Last updated : 19 October 2004 By Jason Hogan

It was, quite simply, one of those all too rare days when things just got better and better for us Gooners the longer the day went on. Having watched and then listened to what unfolded at both St Andrews and Highbury respectively, I was feeling pretty chuffed but after witnessing what then happened at Eastlands on Saturday evening, I was, well, over the moon.

So, before I reflect on how well the Arsenal did against Villa, it would be rude of me not to indulge in a little bit of gloating.

You see, there have been certain journalists (like Martin Samuel of the News of the World for example) that have strongly questioned the strength and quality of the Premiership in the wake of what the Arsenal did last season and have continued to do so far this season.

Well, I wonder what Samuel and his like-minded cronies in the press now make of the fact that since the start of last season, Arsenal have now gone precisely 47 league games (and counting) without defeat where as an expensively assembled, over hyped outfit governed a Portuguese chap who promotes himself as the "special one", only managed, by way of comparison, to go unbeaten for the princely sum of just EIGHT games from start of THIS season before sampling the bitter taste of defeat.

All I know is that in the aftermath of what happened at Eastlands proved two things. The first was that the Premiership is no where near as weak as Samuel (and his like) have tried to suggest at various stages.

Secondly the result at Eastlands surely proved beyond any doubt that (regardless of where and when it comes to an end) the run Arsenal are on takes on a level of achievement bordering on the indescribable. Well, that's what I think anyway. Feel free to let me know if you disagree, fellow Gooners.

Looking back on Saturday's game against Villa, the thing that pleased me the most was the way we didn't panic. Even by our standards the first 20 minutes of the game were amazing in so far as we could have been one up in two minutes, fell behind after about three minutes, nearly conceded a second only to then be confronted with inspired goalkeeper when we threatened to reply with interest.
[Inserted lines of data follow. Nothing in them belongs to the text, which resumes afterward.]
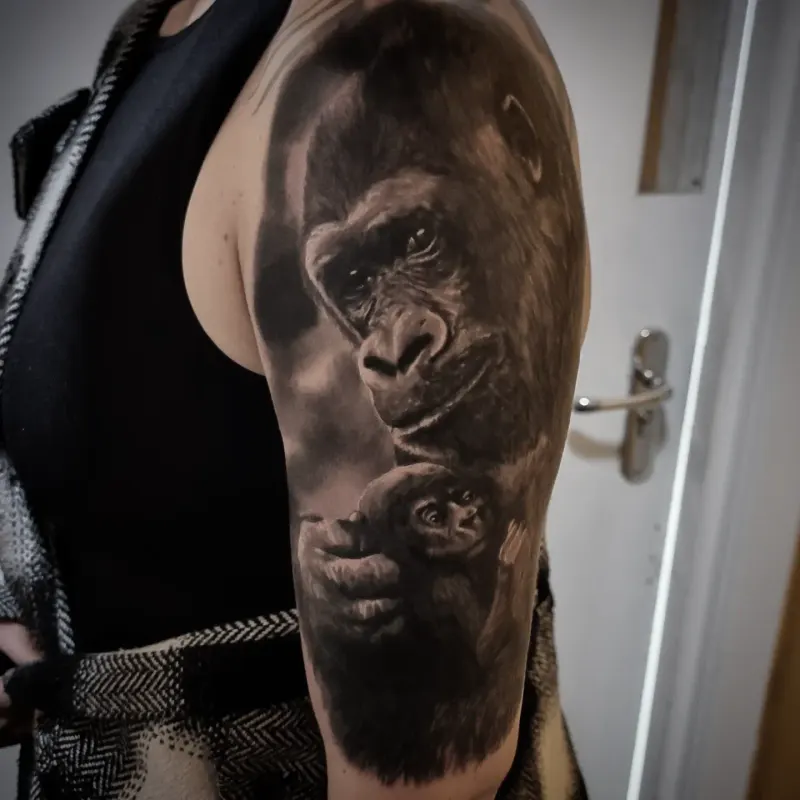 Realistic black and grey wildlife tattoo by Tomek Turlej at Studio XIII Gallery Edinburgh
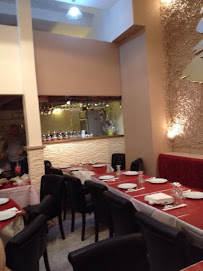 Atmosphère du Restaurant libanais Chez Farhat à Paris - n°12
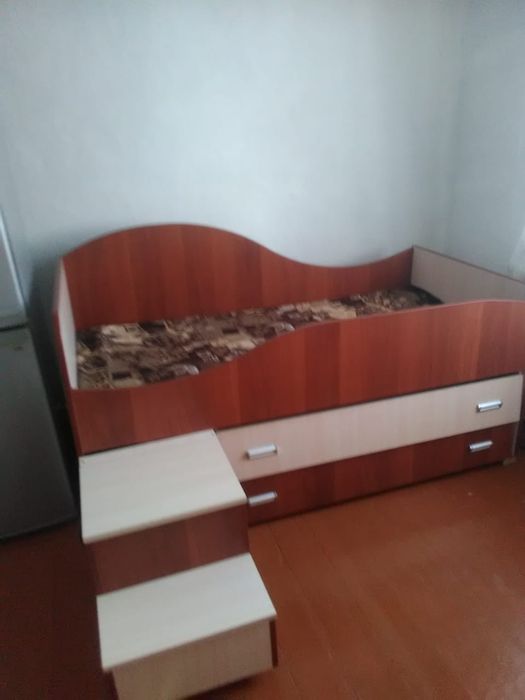 Продам детскую кроватку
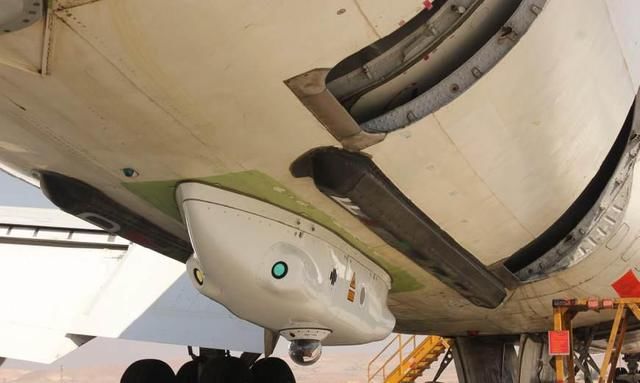 飞机被导弹锁定会发出警报,你一定会奇怪飞机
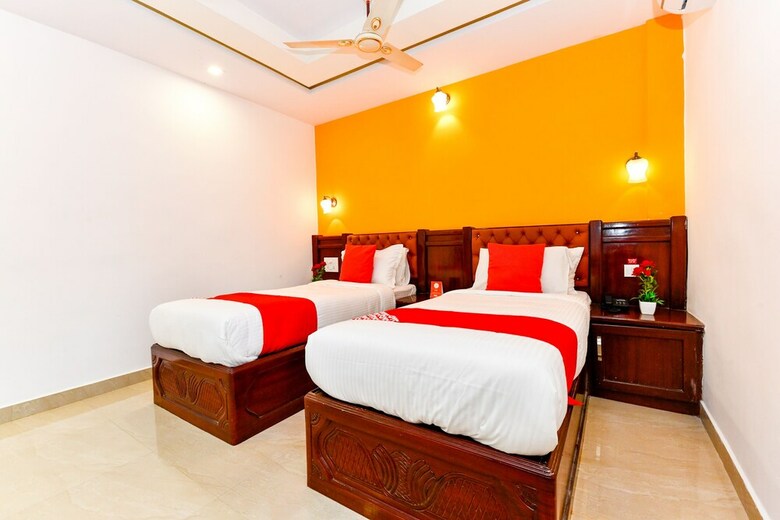 Hotel Oyo 28276 Harshavardhana Inn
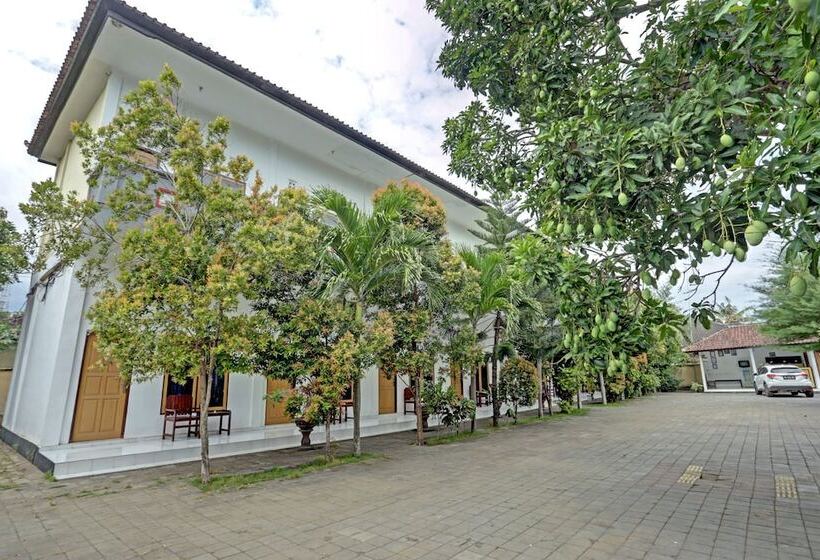 Oyo 3096 Hotel Dewi Warsiki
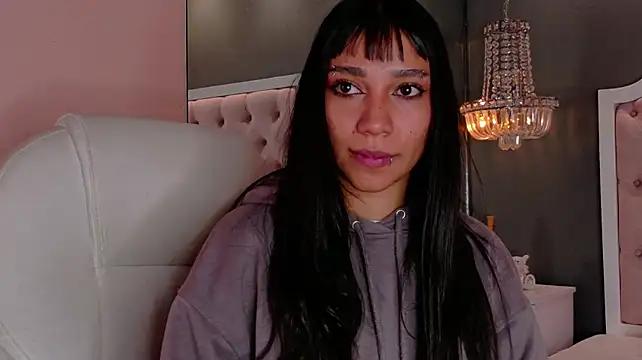 MillaJames_'s Live XXX Chat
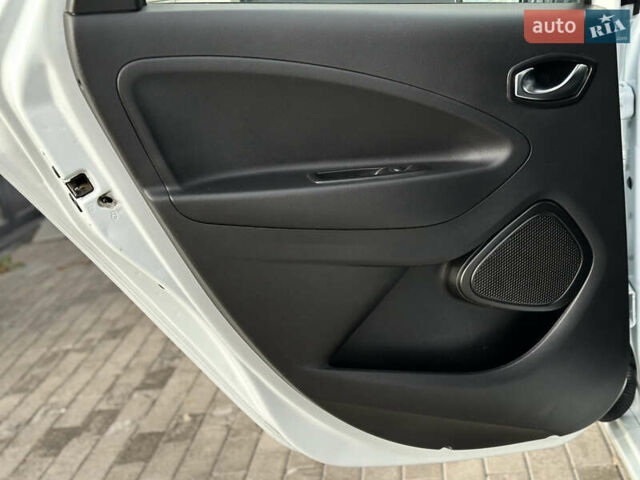 Белый Рено Зое, объемом двигателя 0 л и пробегом 106 тыс. км за 11300 $, фото 33 на Automoto.ua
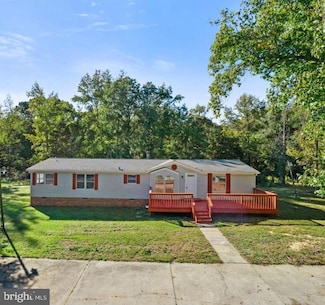 8154 Lakeview Dr, Pomfret, MD 20675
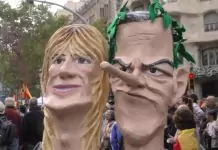 Tiempo estable en la mayor parte de la Península este lunes FOTOGRAFÍA. PASEO DE GRACIA Y PLAZA CATALUÑA DE BARCELONA (CATALUÑA) REINO DE ESPAÑA, 12 DE OCTUBRE DE 2024. Precipitaciones fuertes y persistentes en Andalucía el domingo. En la imagen, dos muñecos: uno de la mujer del presidente de Gobierno de España y secretario general del Partido Socialista (PSOE), pedro Sánchez Pérez-Castejón; María Begoña Gómez Fernández (Begoña Gómez) (izd.); y otro para el marido de ella (dcha). Cataluña y los pueblos hispanos del resto de mundo, en su mayoría, los de hispanoamérica, han exhibido esta mañana y la tarde su orgullo hispano por las calles del centro de Barcelona, con el motivo del Día de la Hispanidad 2024 y Fiesta Nacional de España (12 Octubre), advirtiendo de la amenaza socialista en Hispanoamérica, a través de sus organizaciones criminales: el Foro de Sao Paulo y el Grupo de Pueblo. Se ha registrado una fuerte movilización de la militancia y simpatizantes del partido político VOX liderados por Ignacio Garriga Vaz de Conceiçao, secretario general y vicepresidente nacional de VOX además de presidente del grupo parlamentario en el Parlament de Cataluña; pero también, se ha podido comprobar la asistencia de simpatizantes y miembros de Ciutadans Partit de la Ciutadanía Ciudadanos (Cs) liderados por Joan García, coordinador de Cs en Cataluña; y del Partido Popular de Cataluña (PPC) liderados por Alejandro Fernández Álvarez, Presidente del Partido popular de Catalunya (PPC) además de presidente del Grupo Parlamentario en la cámara catalana. Lasvocesdelpueblo (Ñ Pueblo)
Of course, from the moment Robert Pires brought us back to parity the thought that it was going be "just one of those days" evaporated and the rest, as they say, was blissfully constructed history.

Having put ourselves in a handy position in the league we should be heading off to Athens (albeit without Dennis Bergkamp and possibly Patrick Vieira) in pretty good heart.

This, I make it, will be the fifth time that we have played Panathinaikos in the group stages of the Champions League and I for one certainly have vivid memories of when we last played them in Athens three years ago because we lost 1-0 on the back of the worst display that I have seen from Arsenal anywhere against anyone certainly within the last five years.

I remember watching that game and thinking that we looked as though we were playing the game against our will. Even Thierry Henry was awful on the night and the only time he (or anyone else in an Arsenal shirt for that matter) showed any passion was at the end when he threw a bit of a wobbly at the officials at the end of the game.

The saddest aspect of all about that night was the fact that we were playing against a Panathinaikos side that were no real great shakes at all and funnily enough they gave us more problems at Highbury in the return leg which they lost.

Pana (as they are apparently called for short) definitely have one survivor from that game at Highbury who not only played but scored against us at Highbury that night as well - Emmanuel Olisadebe.

The Nigerian born Polish international has been laid up with a long term injury but apparently he could be fit for Wednesday's game. This lad is a typical of a long line of Nigerian forwards like Daniel Amokachi, Victor Ikpeba, Obefemi Martins and Yakubu in that he is big, strong and lightning quick. His return will be timely given that their key striker Papadopoulos looks like he is going to be missing.

As an alternative, Pana can call on the services of Michael Konstantinou. I have seen this lad play once or twice. He is very much a target man but technically he is very good and he had a good Champions League campaign a couple of years ago.

We will need to watch out for former Newcastle player Silvio Maric and the new sensation that is Ezequiel Gonzalez. He was the chap that bagged a pretty impressive brace to help Pana see off Rosenborg on Matchday 1.

We may not be playing this game in Athens' Olympic Stadium but anyone who thinks that Pana's 17,000 capacity stadium isn't an intimidating place invariably finds themselves in for a RUDE awakening.

The stadium is small, tight - and bloody noisy. The Greeks know how to get behind their team and we will be made to feel about as welcome as a Turkish kebab shop owner.

This game is definitely a tricky one but I cannot believe that we can go there and play any worse than we did three years ago. Besides, given the way that we tossed two points down the plughole in Trondheim, I think that it's high time that we put the record straight in Athens.